▶ _Your instructions_: Give back exactly the lines of the material below, starting with the line with "Nissan Versa 1.6 16V V-Drive (Flex)" and going on through the line with "Renault New-kangoo Automobile Cars".

▶ _Records provided_:
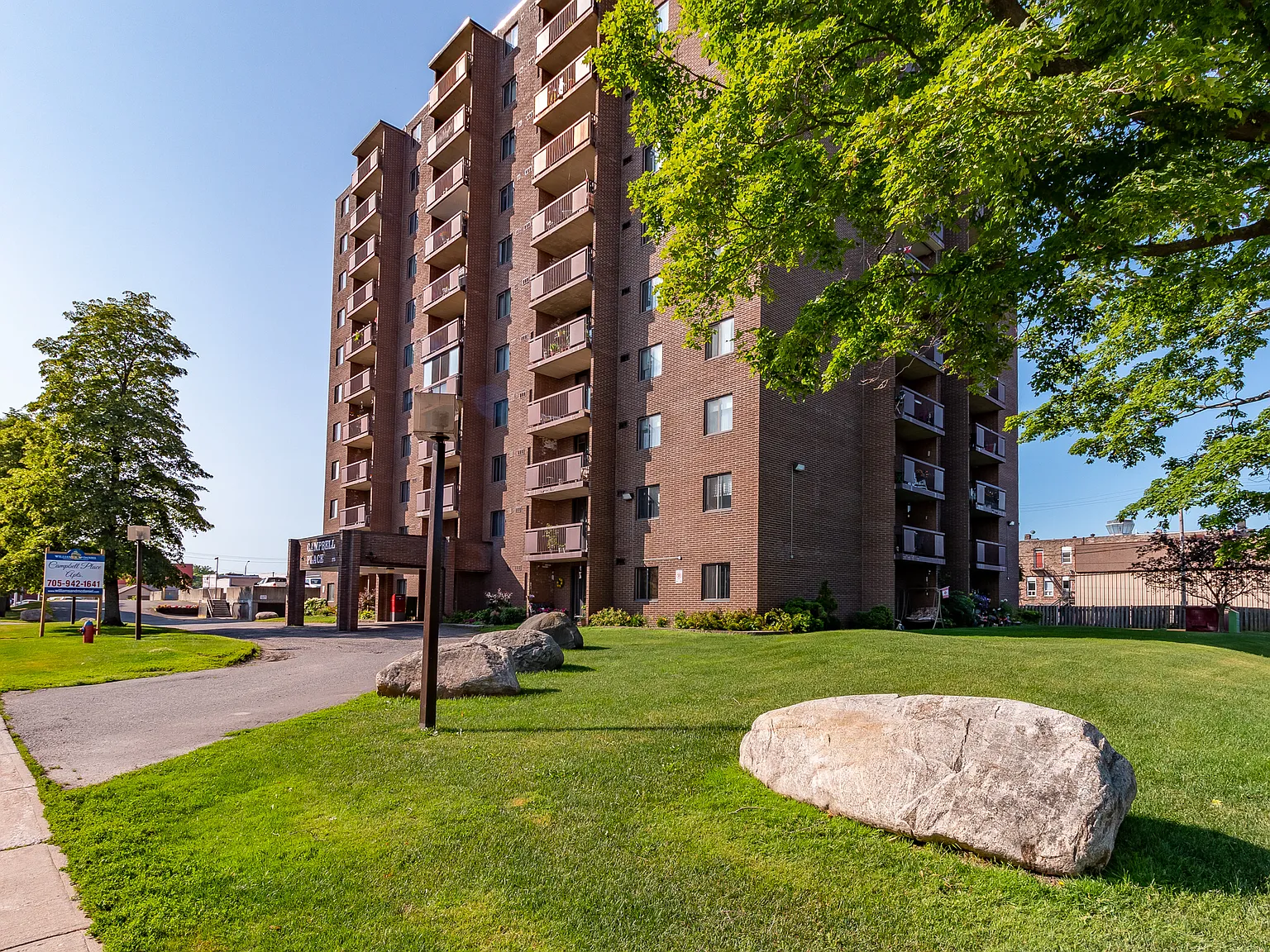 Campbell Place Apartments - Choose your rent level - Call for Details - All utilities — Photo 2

* * *

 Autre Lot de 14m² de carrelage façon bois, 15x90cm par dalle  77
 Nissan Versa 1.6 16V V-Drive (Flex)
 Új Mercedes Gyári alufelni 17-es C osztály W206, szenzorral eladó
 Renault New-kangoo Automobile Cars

▶ _Your response_:
 Nissan Versa 1.6 16V V-Drive (Flex)
 Új Mercedes Gyári alufelni 17-es C osztály W206, szenzorral eladó
 Renault New-kangoo Automobile Cars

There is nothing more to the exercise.